I’m currently working with a Weaviate collection that was initially created without using deterministic UUIDs. My dataset includes several fields (GUID, a, b, c), but my primary concern is avoiding duplicate entries based solely on the GUID field.
I’ve come across the documentation:
will this help me ?
It is possible for me to create another collection with deterministic uuid, but am I able to avoid just duplicate GUIDs, not considering other fields from data.
My question is:
- Can I rely on the deterministic UUID generation approach to prevent duplicates by using just the GUID field?
- Is this an efficient method to avoid duplicate data insertion, or should I consider another strategy?
- How can i update a collection to generate deterministic uuid ?

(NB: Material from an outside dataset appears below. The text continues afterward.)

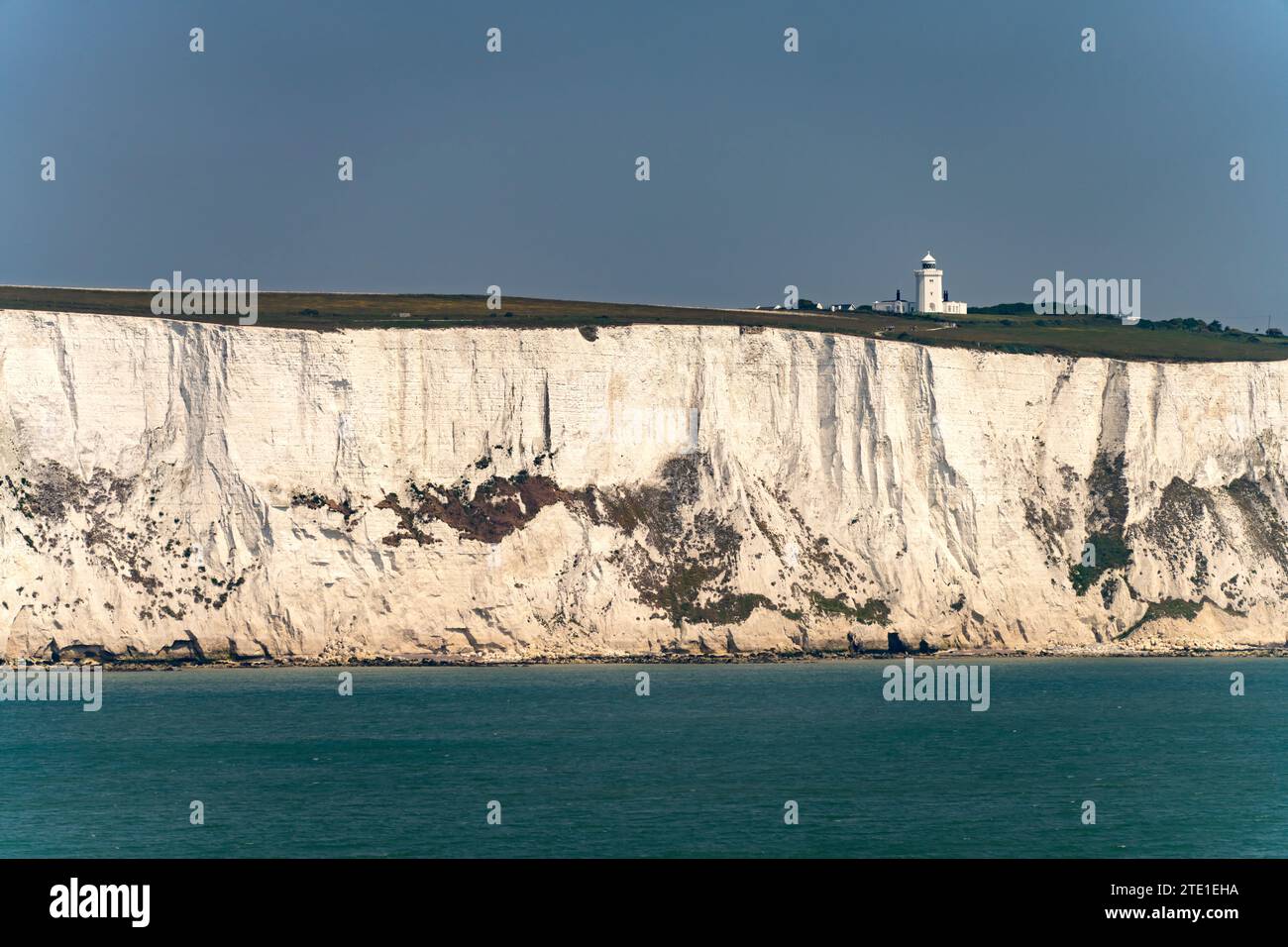 Die Kreidefelsen von dover und der South-Foreland-Leuchtturm am Ärmelkanal bei dover, Kent, England, Großbritannien, Europa | The White Cliffs of Do Foto Stock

Any insights or recommendations would be greatly appreciated. Thanks!
hi @Rohini_vaidya !
In order to use the deterministic ID, you will need to “tie” the uuid generation to something unique to each object.
Let’s say you have, as you mentioned:
if A is a unique value for all your objects (eg, books-987, articles-456), you can generate a UUID based on that value.
Now whenever there is a change in B or C or you need to create a new object, you can do a batch ingestion, generating the UUID using the value of A on the fly.
Batch will insert or update the object.
In your case, if you have a unique value, you could can this dataset to a new collection or cluster (here we have a migration guide) .
And while migrating the data, you generate the uuids accordingly.
Let me know if this helps!
Thanks!
Thank you @DudaNogueira.
Let me know if the following steps are correct or not?
- Will create a new collection in which I will generate deterministic uuid only for specific field that is GUID in my case.
- Insert data by checking the uuid to avoid duplicates